BetsyG Neglects Her Blog
By BetsyG
This weekend, I saw my brother-in-law, a regular reader of The BetsyG-Spot, and he asked why I was slacking and where my posts were. Good question. It was with some trepidation that I finally looked at my stats today and saw the sad result of not having posted anything for a few weeks. Slacking indeed.

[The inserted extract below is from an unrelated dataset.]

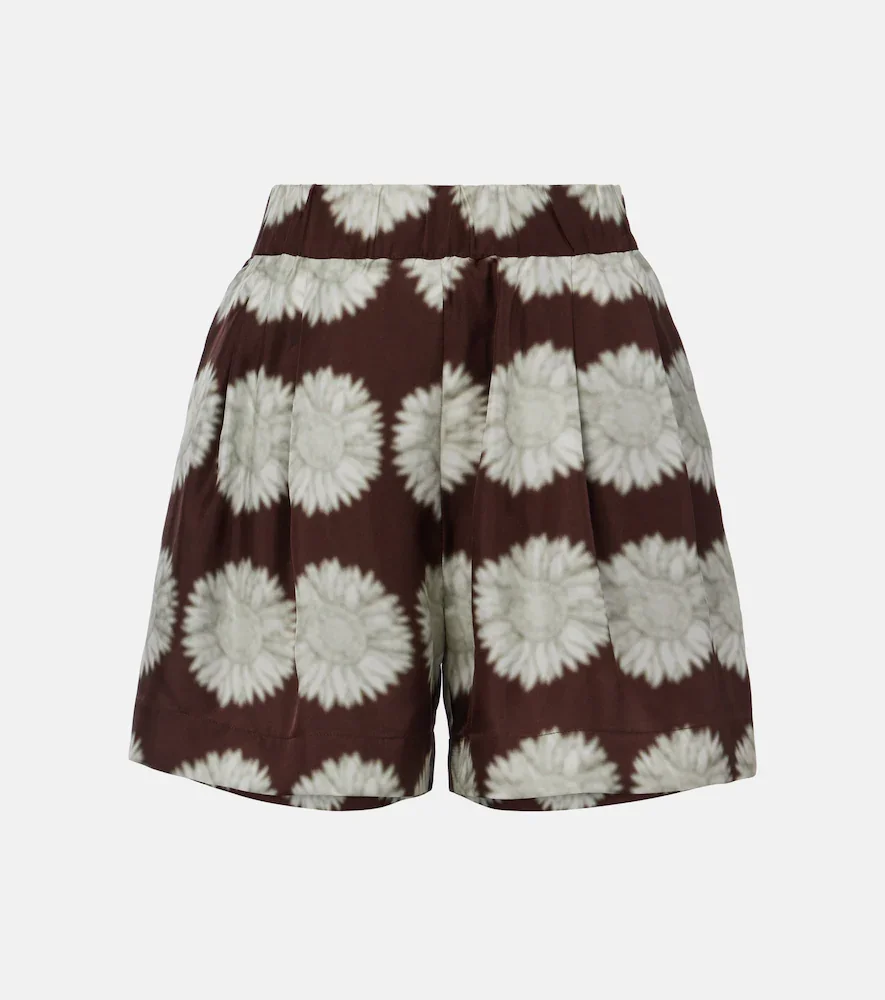 Shorts Zurich de sarga de seda estampada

To tell you the truth, apart from lacking romantic inspiration (see my last several posts), I haven’t had a break from working/writing in a long time. I did have a fabulous vacation to Italy in April, but it wasn’t down time, and I am desperate for it. Nothing is feeding my creative soul, and I have been working to carve out my non-work days for at least a little relaxation and reflection. I don’t seem to be able to do it all at any one time. By that I mean, I like to read, I like to write, I like to learn, and I like to create. But it seems when I do one, it is to exclusion of something else. For the past six months, I have been spending most of my time (when I am not goofing off) in writing-related activities and learning Italian. I hadn’t been reading at all. But in the past few weeks, I have allowed myself to spend my non-work hours doing something other than writing, and I am reading again at my usual pace of about a book a week. Of course, my Italian is also dropping off.
If only I didn’t have that pesky responsibility: work. I frequently envision a much simpler life in which I am not working for anyone else but am spending my time as I believe I was meant to: reading, learning, creating, and writing. If I didn’t have kids, that would be a reality, because I could dump the house that takes too much to keep up, take the proceeds, live mortgage-free somewhere much cheaper, and perhaps take on a job that didn’t require the brain resources my current job does to pay the rest of the bills. Not that I’ve thought this through more than a thousand times.
In any case, I am taking time off from work next week, but I’ll stop short of calling it a vacation, because I will probably be all over the Northeast looking at colleges for my middle son rather than doing what I really need to do, which is get myself to the beach with a stack of books and a notebook.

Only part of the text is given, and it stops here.